JEAN NEWPORT bought her home in Maynooth, Co Kildare in 2006. A widow, she borrowed €270,000 from EBS for a €295,000 three-bed room house for her and her two sons.
Jean, who worked as an accounting technician, says: “I didn’t have a well-paying job, but I was managing and was quite happily paying it back because I borrowed it and understood that I borrowed it.”
But when she lost her job a year later, the repayments of up to €1,700 were unmanageable.
“That’s when my payments got really, really tight,” she says. “I just couldn’t do it any longer. I contacted the bank and I’ve been in negotiations with them non-stop since 2008.”
“My eldest son, he’s 26, went with me to the meetings. We literally went in to face them and explain everything. All the way they knew my story.”
“Around July last year, they said: ‘We’re so sorry, we’re going to have to take your house.’ They said ‘we’ve had enough’, but I was paying what I could.”
Jean has been assisted by lobby group New Beginning since last year, and she says last week the bank agreed to accept a repayment of €800 a month.
She works part time, earning €300 a week plus her widow’s pension.
“They’re only speaking to me because of New Beginning,” she says.

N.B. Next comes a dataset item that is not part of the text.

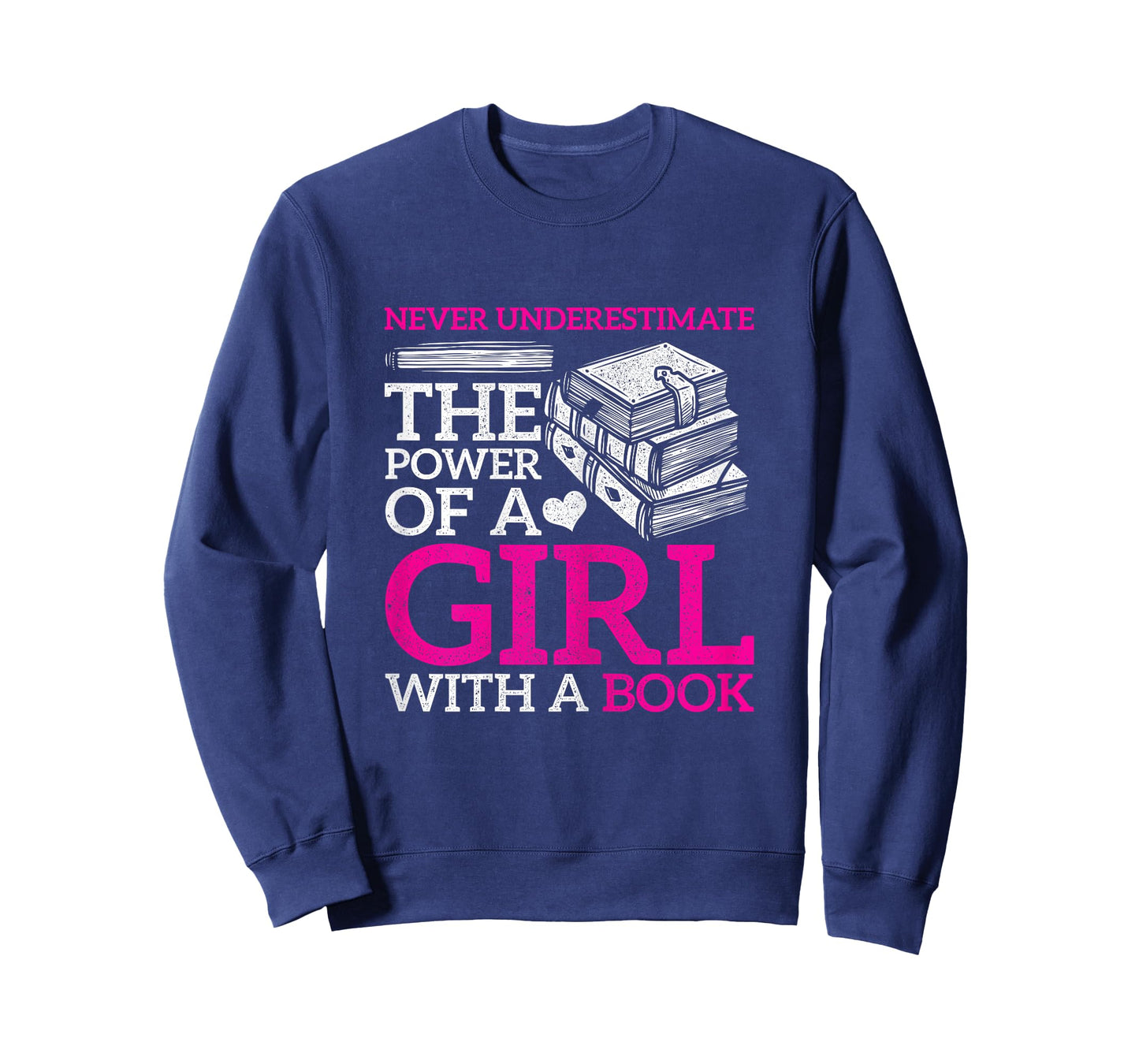 Never Underestimate The Power Of A Girl With A Book Reading T-Shirt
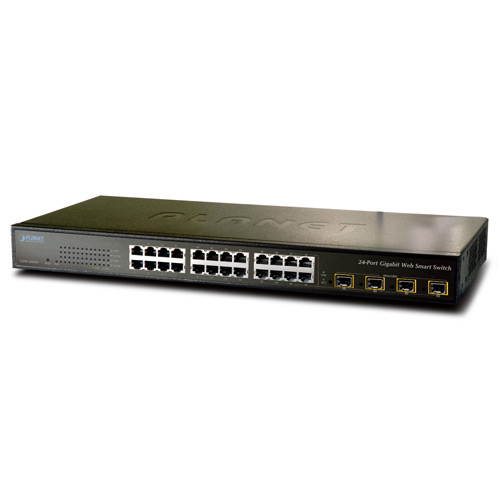 Planet GSW-2404SF 24-Port Base-T with 4-Port SFP Web-Smart GB Switch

“The €800 doesn’t even cover my interest, which is €1,200, so it’s not even interest-only. It’s making no sense but that’s what they are willing to do at the minute,” she says.
“What’s upsetting is this is purely kind of a token thing to them.
“It’s not helping the interest and it’s not helping the capital, it’s purely just to keep them happy.
“It’s never going to help my situation yet it’s a lot of money for me to find. It genuinely is.
“It’s been very scary all along. I still have a son living here I’m trying to get through university. If they take the house I’ll be gutted.”